There’s been a lot of discussion about the importance of replication in science (read an extensive and very thoughtful post about that here) and notable occurrences of non-reproducible science being published in high-impact journals. The recent retraction of the two STAP stem cell papers from Nature and accompanying debate over who should be blamed and how. The publication of a study (see also my post about this) in which research labs responsible for high-impact publications were challenged to reproduce their findings showed that many of these findings could not be replicated, in the same labs they were originally performed in. These, and similar cases and studies, indicate serious problems in the scientific process- especially, it seems, for some high-profile studies published in high-impact journals.
I was surprised, therefore, at the reaction of some older, very experienced PIs recently after a talk I gave at a university. I mentioned these problems, and briefly explained the results of the study on reproducibility to them- that, in 90% of the cases, the same lab could not reproduce the results that they had previously published.
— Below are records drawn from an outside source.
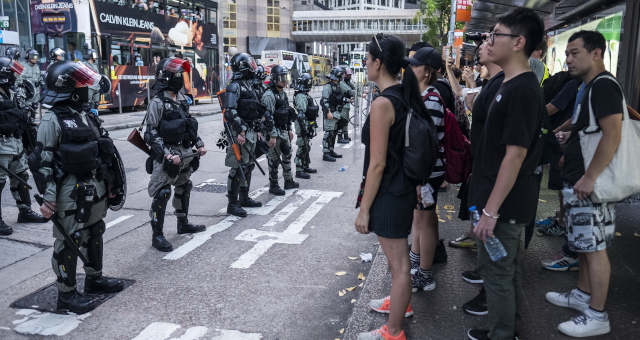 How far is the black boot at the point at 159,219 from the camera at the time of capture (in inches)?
210

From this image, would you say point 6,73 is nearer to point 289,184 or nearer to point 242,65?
point 242,65

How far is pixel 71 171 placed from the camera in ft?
12.7

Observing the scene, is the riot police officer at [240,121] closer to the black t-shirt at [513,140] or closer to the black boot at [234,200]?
the black boot at [234,200]

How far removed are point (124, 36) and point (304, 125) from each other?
14054 mm

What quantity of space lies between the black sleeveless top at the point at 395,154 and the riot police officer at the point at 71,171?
2.38 meters

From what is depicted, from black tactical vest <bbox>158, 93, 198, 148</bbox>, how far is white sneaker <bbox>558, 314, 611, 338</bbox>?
4.03 meters

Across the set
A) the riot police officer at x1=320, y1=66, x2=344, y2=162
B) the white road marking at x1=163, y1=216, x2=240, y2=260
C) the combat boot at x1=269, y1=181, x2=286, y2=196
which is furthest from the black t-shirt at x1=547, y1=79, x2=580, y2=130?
the riot police officer at x1=320, y1=66, x2=344, y2=162

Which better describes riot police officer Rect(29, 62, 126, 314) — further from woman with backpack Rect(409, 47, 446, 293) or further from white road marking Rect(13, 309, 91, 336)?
woman with backpack Rect(409, 47, 446, 293)

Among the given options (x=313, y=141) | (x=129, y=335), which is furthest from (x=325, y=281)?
(x=313, y=141)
They were generally nonplussed. “Oh”, one said, “probably just a post-doc with magic hands that’s no longer in the group”. And all agreed on the difficulty of reproducing results for difficult and complicated experiments.
So my question is: do these fabled lab technicians actually exist? Are there those people who can “just get things to work”? And is this actually a good thing for science?
I have some personal experience in this area. I was quite good at futzing around with getting a protocol to work the first time. I would get great results. Once. Then I would continue to ‘innovate’ and find that I couldn’t replicate my previous work. In my early experiences I sometimes would not keep notes well enough to allow me to go back to the point where I got it to work. Which was quite disturbing and could send me into a non-productive tailspin of trying to replicate the important results. Other times I’d written things down sufficiently that I could get them to work again. And still others I found that someone else in the lab could consistently get better results out of the EXACT SAME protocol- apparently followed the same way. They had magic hands. Something about the way they did things just *worked*. There were some protocols in the lab that just seemed to need this magic touch- some people had it and some people didn’t. But does that mean that the results these protocols produced were wrong?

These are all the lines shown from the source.